We have learned that there will be free live streaming every day on the WSOP YouTube channel of all tournaments except the Main Event. Will the Main be behind a paywall? No, according to a just-released interview with Daniel Negreanu.

I have heard rumblings about where it’s going to land, but I can’t confirm yet. I will say that my Kalshi wager promises a big payday if I’m right and the Final Table is only available at movie theaters on closed-circuit television like the Ali-Frazier fights of the 70s.

What Fresh Hellmuth Is This?

The other day Phil Hellmuth Jr. tweeted, “We’re in the middle of a poker boom right now.”

He received a lot of pushback from casino cash game regs, and also from reality.

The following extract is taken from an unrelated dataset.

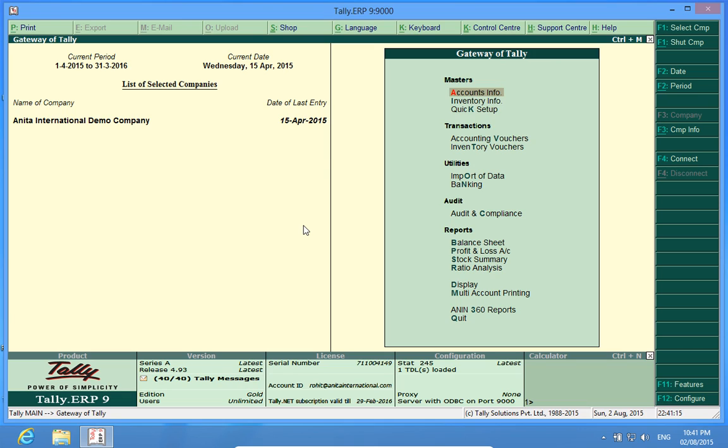Hello YouTube, I am Rohit from Discover Tally. In this video, I will brief you about Tally customization GR number slash truck number in sales register.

Cash games have dwindled as rake has ramped up, particularly here in Los Angeles, where an unscientific sampling of my home game found that playing cash at Commerce or The Bike is way down. Home games, some for very high stakes, have filled the gap for a lot of regs.

The nice thing about a home game, instead of sitting under the florescents at Hollywood Park, you’re playing in a nice family home. It’s not as nice when the family turns out to be the Gambinos, but you get what I’m saying.

The Steaming Hand of The Week….

i have my limits commerce hand

The first entry into this recurring feature has to be a hand played at Commerce Casino’s LAPC right here in beautiful, sunny south Cal. On the first hand of the final table of the Commerce Classic, a million-dollar guaranteed tournament, Erick Ordonez opened with QQ and Duey Dong called in the small blind with KQ.

The flop was Q89. Of course, money went in with the top set vs. the top pair second kicker. Then, on the turn, when a fourth diamond appeared, Dong led out with a donk bet. Ordonez called, and the river was dealt a fifth diamond for a flush on the board.

It went check, check. Ordonez showed his meaningless set of queens, and Dong mucked his hand face down. Had he turned his hand over, they would have chopped, but the pot was pushed to Ordonez. Controversy was immediately touched off there at the table and then on the vomitorium formerly known as Twitter.

Some players said that the cards should speak, and the chop should have happened, even though Dong made a mistake. Tournament Director Matt Savage weighed in that the result was correct since you have to show a hand to win, and cards can’t speak if they’re in the muck.

I feel bad for Dong, but he’ll be alright. Afterall, we’re in the middle of a poker boom.